- WHAT THE EXERCISE ASKS:
From the data below, copy exactly the lines that lie between the one holding "The Whole Truth" and the one holding "Simbologia referente à", including both, and nothing more.
TASK INPUT Block Start
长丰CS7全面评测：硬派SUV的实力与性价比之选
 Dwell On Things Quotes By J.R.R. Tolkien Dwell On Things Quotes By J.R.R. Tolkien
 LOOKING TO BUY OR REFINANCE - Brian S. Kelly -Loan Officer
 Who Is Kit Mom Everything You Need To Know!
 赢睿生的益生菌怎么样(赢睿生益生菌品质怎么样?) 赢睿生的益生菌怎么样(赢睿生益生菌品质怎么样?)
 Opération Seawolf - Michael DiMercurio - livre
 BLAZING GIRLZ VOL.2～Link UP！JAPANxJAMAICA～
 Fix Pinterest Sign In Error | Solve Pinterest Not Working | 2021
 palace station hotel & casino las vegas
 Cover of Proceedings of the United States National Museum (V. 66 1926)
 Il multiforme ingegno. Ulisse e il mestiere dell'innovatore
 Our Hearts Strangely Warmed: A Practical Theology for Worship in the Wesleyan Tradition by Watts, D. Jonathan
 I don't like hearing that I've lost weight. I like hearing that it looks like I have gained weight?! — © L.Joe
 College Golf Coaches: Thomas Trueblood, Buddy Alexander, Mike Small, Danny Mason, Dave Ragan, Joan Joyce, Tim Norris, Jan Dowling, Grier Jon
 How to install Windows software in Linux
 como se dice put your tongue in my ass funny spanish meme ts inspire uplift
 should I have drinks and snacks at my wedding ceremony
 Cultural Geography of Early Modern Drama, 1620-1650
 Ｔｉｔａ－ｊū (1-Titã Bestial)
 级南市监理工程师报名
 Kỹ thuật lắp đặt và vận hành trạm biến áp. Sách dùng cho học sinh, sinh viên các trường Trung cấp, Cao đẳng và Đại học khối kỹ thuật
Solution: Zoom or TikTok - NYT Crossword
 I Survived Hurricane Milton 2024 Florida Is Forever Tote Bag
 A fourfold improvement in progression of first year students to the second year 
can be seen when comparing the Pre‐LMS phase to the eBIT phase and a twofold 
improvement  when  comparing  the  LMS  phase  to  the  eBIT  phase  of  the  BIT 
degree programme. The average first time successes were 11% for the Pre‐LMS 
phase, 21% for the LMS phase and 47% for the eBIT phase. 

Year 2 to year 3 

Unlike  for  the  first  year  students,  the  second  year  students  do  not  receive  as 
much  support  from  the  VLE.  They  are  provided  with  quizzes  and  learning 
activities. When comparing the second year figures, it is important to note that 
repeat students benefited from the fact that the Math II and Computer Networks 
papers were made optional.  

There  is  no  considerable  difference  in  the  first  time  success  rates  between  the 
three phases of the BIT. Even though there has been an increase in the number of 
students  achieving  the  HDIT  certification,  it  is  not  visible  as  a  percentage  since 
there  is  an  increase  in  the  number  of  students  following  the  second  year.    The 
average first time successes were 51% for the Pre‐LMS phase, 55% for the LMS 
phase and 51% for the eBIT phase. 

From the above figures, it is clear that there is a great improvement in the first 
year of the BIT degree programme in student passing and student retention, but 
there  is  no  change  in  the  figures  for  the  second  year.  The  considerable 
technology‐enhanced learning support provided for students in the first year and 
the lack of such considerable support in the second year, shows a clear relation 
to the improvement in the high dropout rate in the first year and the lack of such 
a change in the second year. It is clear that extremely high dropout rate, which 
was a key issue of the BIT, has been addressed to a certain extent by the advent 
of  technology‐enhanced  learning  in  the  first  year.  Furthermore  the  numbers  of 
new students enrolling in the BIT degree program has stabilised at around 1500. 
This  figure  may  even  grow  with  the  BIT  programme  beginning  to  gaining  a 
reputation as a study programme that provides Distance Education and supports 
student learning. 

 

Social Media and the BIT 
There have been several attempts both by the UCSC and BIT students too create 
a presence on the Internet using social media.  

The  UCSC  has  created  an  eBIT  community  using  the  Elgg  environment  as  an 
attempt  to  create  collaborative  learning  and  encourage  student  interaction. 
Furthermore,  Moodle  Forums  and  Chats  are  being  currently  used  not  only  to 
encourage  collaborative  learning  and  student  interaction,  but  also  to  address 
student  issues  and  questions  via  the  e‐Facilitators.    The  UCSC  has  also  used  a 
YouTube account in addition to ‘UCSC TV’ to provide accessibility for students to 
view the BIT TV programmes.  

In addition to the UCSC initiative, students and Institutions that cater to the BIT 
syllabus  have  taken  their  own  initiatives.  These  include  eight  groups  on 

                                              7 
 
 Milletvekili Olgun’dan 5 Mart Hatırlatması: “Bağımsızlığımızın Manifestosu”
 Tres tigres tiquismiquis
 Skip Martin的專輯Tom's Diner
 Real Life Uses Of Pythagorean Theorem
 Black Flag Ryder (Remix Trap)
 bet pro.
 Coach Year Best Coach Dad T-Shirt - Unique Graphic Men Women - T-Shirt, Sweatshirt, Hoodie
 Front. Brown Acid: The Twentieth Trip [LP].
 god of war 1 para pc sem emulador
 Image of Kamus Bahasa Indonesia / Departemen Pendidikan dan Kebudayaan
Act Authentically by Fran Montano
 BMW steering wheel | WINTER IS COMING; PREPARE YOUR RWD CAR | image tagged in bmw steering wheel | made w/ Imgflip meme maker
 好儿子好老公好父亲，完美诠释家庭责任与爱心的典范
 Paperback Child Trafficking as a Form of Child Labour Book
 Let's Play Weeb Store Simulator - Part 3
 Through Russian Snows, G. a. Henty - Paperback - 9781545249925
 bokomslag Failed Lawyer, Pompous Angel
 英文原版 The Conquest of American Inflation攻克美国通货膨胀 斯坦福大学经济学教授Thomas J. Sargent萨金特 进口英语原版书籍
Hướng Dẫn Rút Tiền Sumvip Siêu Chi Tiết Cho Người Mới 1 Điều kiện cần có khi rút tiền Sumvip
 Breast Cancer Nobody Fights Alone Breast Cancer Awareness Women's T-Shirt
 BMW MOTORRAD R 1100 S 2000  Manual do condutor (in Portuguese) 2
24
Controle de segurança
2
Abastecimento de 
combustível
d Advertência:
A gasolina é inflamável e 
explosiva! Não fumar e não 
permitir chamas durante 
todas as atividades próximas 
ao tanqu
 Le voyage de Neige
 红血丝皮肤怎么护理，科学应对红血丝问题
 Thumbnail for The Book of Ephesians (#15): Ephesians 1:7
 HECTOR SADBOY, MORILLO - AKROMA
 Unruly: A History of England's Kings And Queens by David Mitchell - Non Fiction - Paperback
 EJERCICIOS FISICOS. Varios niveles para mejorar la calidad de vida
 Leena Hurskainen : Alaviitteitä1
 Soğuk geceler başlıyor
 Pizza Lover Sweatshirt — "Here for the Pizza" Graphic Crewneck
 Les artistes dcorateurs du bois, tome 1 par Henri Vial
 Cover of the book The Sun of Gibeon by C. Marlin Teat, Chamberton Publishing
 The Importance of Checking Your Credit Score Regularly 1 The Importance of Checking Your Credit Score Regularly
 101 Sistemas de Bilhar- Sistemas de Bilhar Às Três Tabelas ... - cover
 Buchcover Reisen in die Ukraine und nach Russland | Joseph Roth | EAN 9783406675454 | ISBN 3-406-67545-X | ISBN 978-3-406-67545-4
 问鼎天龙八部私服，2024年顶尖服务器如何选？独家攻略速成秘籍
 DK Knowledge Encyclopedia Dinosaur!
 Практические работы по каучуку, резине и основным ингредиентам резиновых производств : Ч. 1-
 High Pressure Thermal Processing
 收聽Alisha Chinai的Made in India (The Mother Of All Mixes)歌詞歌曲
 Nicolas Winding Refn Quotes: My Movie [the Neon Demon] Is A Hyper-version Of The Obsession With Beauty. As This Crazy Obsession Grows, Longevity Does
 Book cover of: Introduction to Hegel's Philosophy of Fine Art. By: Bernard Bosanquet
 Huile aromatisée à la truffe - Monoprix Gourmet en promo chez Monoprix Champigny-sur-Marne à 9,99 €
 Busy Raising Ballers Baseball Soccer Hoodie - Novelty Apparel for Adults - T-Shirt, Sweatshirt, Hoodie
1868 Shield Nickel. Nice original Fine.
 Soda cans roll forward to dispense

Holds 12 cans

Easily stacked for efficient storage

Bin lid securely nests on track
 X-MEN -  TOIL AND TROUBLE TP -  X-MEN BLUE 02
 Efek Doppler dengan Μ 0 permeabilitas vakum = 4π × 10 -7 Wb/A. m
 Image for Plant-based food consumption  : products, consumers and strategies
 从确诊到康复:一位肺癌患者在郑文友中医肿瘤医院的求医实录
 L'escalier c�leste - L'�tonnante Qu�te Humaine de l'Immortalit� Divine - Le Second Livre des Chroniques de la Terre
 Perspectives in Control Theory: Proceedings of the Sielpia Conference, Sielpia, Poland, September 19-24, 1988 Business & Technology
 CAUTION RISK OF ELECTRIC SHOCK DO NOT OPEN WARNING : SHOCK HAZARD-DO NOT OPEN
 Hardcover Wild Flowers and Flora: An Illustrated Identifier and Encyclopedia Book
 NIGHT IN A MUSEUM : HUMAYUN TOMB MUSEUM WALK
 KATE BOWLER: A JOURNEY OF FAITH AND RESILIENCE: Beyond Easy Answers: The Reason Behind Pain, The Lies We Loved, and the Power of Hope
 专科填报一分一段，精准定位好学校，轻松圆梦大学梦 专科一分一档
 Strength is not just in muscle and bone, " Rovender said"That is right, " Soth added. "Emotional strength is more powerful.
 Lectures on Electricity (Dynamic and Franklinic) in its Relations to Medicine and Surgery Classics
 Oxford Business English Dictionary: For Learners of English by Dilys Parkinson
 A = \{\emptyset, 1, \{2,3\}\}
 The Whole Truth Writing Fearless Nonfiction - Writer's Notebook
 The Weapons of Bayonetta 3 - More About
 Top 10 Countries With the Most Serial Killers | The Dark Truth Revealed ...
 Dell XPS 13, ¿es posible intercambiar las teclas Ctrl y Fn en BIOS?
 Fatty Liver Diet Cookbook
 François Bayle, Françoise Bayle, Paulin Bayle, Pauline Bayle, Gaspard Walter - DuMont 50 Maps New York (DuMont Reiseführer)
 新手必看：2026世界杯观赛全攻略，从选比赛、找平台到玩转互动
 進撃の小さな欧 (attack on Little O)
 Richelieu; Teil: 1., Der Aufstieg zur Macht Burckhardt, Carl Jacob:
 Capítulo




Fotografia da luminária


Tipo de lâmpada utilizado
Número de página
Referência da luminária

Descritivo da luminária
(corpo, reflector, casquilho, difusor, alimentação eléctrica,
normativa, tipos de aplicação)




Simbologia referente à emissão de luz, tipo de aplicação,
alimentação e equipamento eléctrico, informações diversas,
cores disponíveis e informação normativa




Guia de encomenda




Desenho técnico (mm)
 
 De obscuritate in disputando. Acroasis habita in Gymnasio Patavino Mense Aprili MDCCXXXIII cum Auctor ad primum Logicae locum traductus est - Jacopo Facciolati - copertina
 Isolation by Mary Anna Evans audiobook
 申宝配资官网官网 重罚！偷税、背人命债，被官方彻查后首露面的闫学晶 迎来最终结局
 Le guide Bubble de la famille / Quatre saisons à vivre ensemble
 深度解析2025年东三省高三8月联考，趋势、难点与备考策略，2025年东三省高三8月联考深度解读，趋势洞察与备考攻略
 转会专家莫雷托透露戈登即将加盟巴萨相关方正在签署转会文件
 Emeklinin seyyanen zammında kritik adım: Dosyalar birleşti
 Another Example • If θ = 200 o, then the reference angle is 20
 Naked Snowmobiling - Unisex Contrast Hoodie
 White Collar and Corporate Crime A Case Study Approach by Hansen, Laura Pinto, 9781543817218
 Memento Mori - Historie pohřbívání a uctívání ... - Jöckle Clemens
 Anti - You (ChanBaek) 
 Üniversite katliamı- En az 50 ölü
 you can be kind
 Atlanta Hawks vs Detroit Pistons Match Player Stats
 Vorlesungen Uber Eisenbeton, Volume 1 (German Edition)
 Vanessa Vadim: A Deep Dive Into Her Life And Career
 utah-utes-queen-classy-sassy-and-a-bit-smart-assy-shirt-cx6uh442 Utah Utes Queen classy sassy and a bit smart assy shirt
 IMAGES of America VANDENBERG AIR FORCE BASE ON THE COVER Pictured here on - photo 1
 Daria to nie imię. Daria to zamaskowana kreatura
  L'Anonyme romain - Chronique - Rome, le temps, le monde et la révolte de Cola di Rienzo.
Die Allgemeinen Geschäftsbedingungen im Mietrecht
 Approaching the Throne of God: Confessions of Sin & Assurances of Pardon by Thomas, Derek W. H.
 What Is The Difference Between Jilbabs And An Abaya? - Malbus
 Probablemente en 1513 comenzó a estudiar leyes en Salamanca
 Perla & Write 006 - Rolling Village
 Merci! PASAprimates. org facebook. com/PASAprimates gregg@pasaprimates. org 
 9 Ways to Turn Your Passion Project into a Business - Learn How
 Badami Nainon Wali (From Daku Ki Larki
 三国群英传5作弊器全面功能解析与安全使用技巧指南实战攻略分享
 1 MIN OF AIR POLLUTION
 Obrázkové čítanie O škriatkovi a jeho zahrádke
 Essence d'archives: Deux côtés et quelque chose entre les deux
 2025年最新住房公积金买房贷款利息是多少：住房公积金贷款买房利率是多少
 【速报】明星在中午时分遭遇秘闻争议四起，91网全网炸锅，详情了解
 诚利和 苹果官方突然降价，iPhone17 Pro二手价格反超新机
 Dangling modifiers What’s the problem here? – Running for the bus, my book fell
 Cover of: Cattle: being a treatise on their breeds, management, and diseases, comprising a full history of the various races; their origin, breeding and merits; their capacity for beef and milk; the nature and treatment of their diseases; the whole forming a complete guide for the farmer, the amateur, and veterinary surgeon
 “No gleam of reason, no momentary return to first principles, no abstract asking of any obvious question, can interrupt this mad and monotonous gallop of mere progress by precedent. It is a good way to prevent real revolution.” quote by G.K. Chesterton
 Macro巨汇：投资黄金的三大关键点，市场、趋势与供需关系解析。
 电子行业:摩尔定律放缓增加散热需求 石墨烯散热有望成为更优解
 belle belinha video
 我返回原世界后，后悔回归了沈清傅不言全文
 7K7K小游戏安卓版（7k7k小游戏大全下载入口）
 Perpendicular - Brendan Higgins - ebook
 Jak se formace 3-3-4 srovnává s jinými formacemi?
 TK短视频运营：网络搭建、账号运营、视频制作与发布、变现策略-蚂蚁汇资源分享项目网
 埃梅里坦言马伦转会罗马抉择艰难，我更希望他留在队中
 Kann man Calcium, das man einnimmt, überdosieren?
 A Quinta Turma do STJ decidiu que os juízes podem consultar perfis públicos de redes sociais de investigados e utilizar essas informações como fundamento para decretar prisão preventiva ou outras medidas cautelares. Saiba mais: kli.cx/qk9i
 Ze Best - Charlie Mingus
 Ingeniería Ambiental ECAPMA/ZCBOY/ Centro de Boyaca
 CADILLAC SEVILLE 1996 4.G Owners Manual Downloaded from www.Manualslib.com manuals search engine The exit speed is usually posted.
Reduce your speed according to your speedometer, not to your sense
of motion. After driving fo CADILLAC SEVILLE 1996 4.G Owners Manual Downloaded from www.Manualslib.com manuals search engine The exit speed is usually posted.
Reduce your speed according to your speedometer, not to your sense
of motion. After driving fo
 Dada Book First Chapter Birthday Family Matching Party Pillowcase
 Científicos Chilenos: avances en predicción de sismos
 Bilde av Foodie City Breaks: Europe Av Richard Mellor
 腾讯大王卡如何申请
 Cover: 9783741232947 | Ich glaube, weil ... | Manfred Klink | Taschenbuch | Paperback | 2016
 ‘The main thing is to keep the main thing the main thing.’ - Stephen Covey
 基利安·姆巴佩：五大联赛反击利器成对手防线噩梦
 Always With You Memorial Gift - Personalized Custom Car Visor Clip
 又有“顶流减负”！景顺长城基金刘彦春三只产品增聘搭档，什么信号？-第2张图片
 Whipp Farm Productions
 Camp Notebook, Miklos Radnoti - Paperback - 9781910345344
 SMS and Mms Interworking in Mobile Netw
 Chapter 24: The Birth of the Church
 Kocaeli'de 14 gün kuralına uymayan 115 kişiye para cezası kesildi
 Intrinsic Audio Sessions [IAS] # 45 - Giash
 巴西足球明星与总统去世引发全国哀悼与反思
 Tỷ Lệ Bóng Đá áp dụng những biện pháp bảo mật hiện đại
TASK INPUT Block End
- ANSWER TO THIS PROBLEM:
 The Whole Truth Writing Fearless Nonfiction - Writer's Notebook
 The Weapons of Bayonetta 3 - More About
 Top 10 Countries With the Most Serial Killers | The Dark Truth Revealed ...
 Dell XPS 13, ¿es posible intercambiar las teclas Ctrl y Fn en BIOS?
 Fatty Liver Diet Cookbook
 François Bayle, Françoise Bayle, Paulin Bayle, Pauline Bayle, Gaspard Walter - DuMont 50 Maps New York (DuMont Reiseführer)
 新手必看：2026世界杯观赛全攻略，从选比赛、找平台到玩转互动
 進撃の小さな欧 (attack on Little O)
 Richelieu; Teil: 1., Der Aufstieg zur Macht Burckhardt, Carl Jacob:
 Capítulo




Fotografia da luminária


Tipo de lâmpada utilizado
Número de página
Referência da luminária

Descritivo da luminária
(corpo, reflector, casquilho, difusor, alimentação eléctrica,
normativa, tipos de aplicação)




Simbologia referente à emissão de luz, tipo de aplicação,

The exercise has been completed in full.